• **Material supplied**:

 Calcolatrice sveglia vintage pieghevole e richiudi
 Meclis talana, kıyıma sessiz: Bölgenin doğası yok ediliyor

* * *

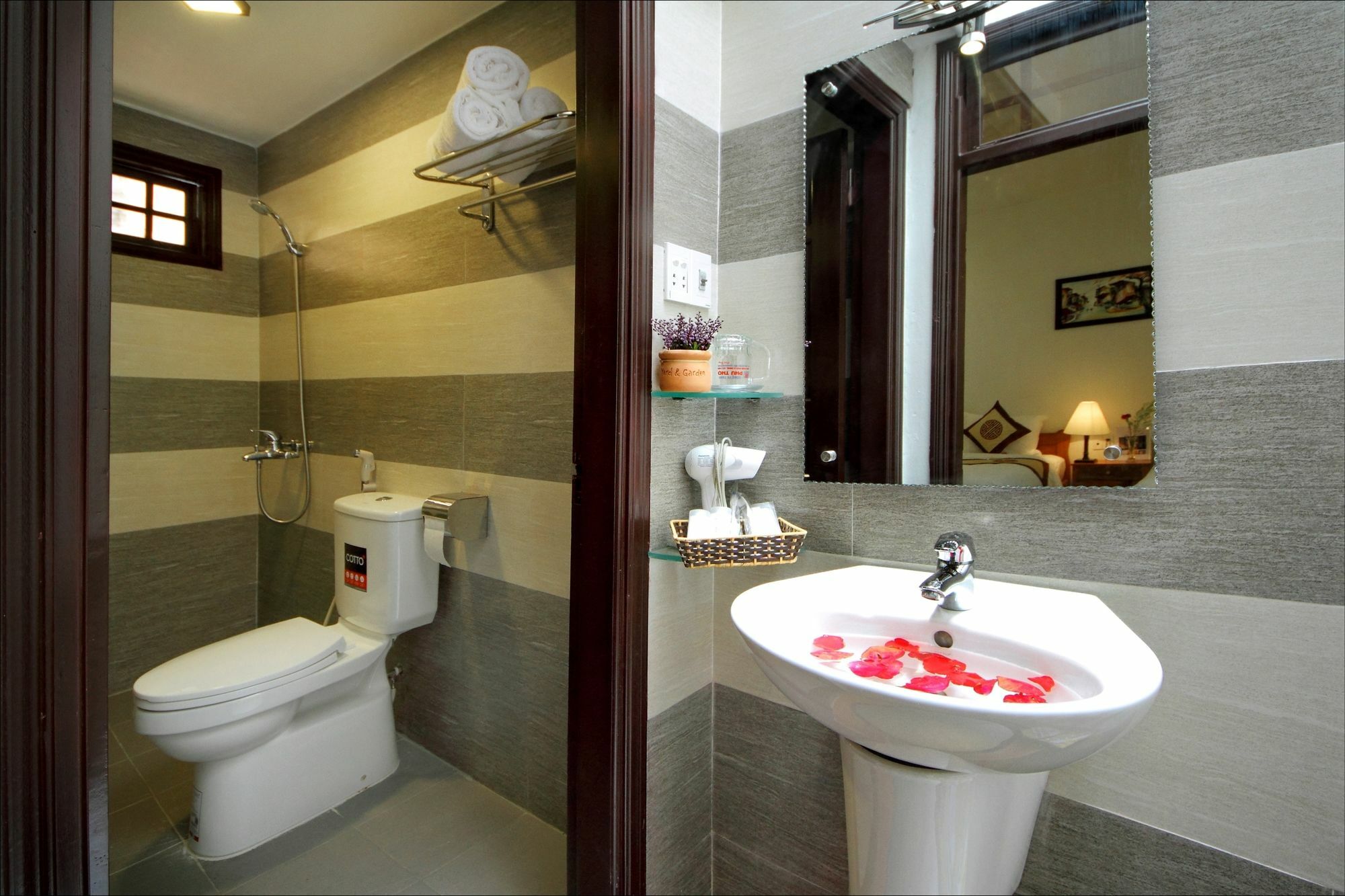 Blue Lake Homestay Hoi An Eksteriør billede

==

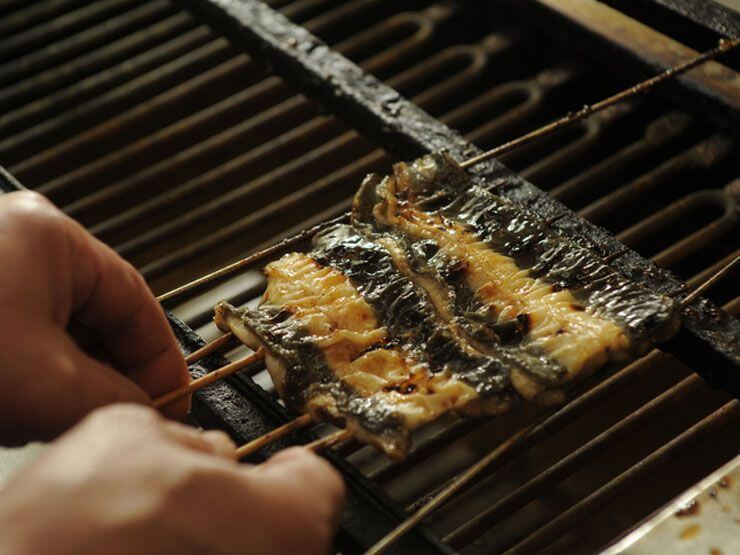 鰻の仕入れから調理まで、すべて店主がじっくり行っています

• **Task details**:
Scan the entries above for the line containing "Calcolatrice sveglia vintage", and copy it and all lines after it exactly, down to and including the line containing "Meclis talana, kıyıma".

• **Expected answer**:
 Calcolatrice sveglia vintage pieghevole e richiudi
 Meclis talana, kıyıma sessiz: Bölgenin doğası yok ediliyor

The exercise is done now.